Les premiers vols d’essai du C919, et la présentation du projet C929 donnent un crédit nouveau à la stratégie aéronautique de la Chine, qui cherche à se positionner comme un acteur majeur dans un marché asiatique en très forte croissance.

  • La croissance du secteur aéronautique est au cœur de la stratégie industrielle chinoise

La concurrence, essentiellement américaine et européenne, domine le marché mondial

Les efforts chinois en matière d’aéronautique n’ont jusqu’à présent pas eu les effets escomptés. Les mésaventures d’AVIC (Aviation Industry Corporation of China) illustrent ces difficultés : initialement prévue pour 2007, la mise en service de l’ARJ21 n’est intervenue qu’en 2016 pour une commande globale de 360 exemplaires seulement, les caractéristiques de l’appareil (entre 70 et 80 places) ne répondant pas (plus) aux besoins des compagnies chinoises. Cette faible présence industrielle explique la domination massive d’Airbus et de Boeing.
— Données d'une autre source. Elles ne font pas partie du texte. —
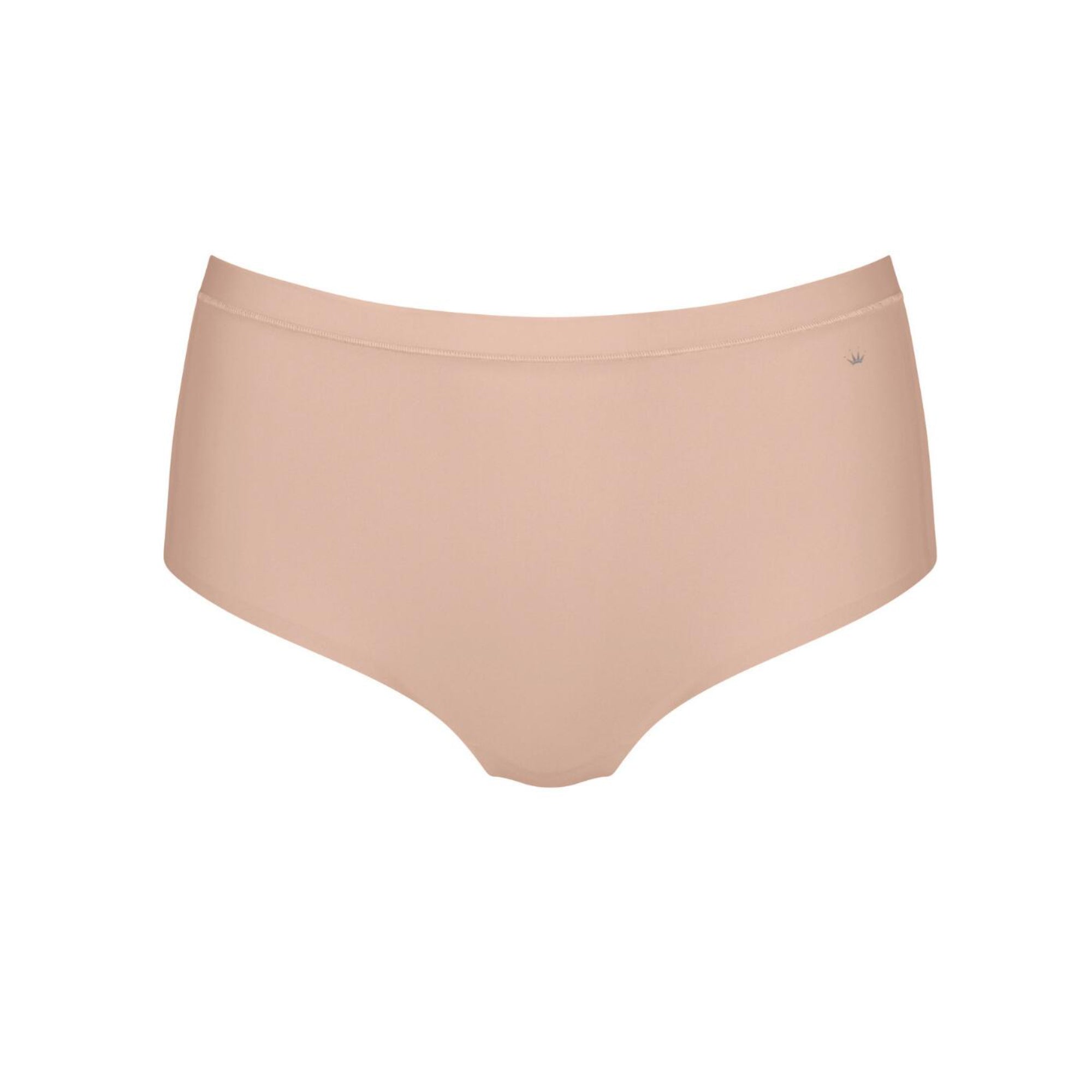 Triumph empty | All Lingerie | Lingerie | Panties | Panty | Women | Womens Triumph empty | All Lingerie | Lingerie | Panties | Panty | Women | Womens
L’Asie et la Chine sont pourtant les moteurs essentiels de la croissance du secteur.  Selon le groupe Safran, le marché chinois pourrait connaitre une croissance de 6% par an pour quadrupler d’ici 2035 et devenir le 1er marché mondial en volume, devant les États-Unis, avec 35 000 appareils en service.

Cette croissance du secteur oriente désormais la stratégie industrielle chinoise

L’échec de la commercialisation de l’ARJ21 a mis en évidence les insuffisances de la filière, à tout le moins de son organisation. La création en 2008 de COMAC (Commercial Aircraft Corporation of China) fut une première tentative pour contourner les lourdeurs d’AVIC, structure alors forte d’environ 550 000 salariés.  La création en 2016 d’AECC (Aero Engine Corporation of China), destinée à la production des systèmes de propulsion, participe de cette même intention.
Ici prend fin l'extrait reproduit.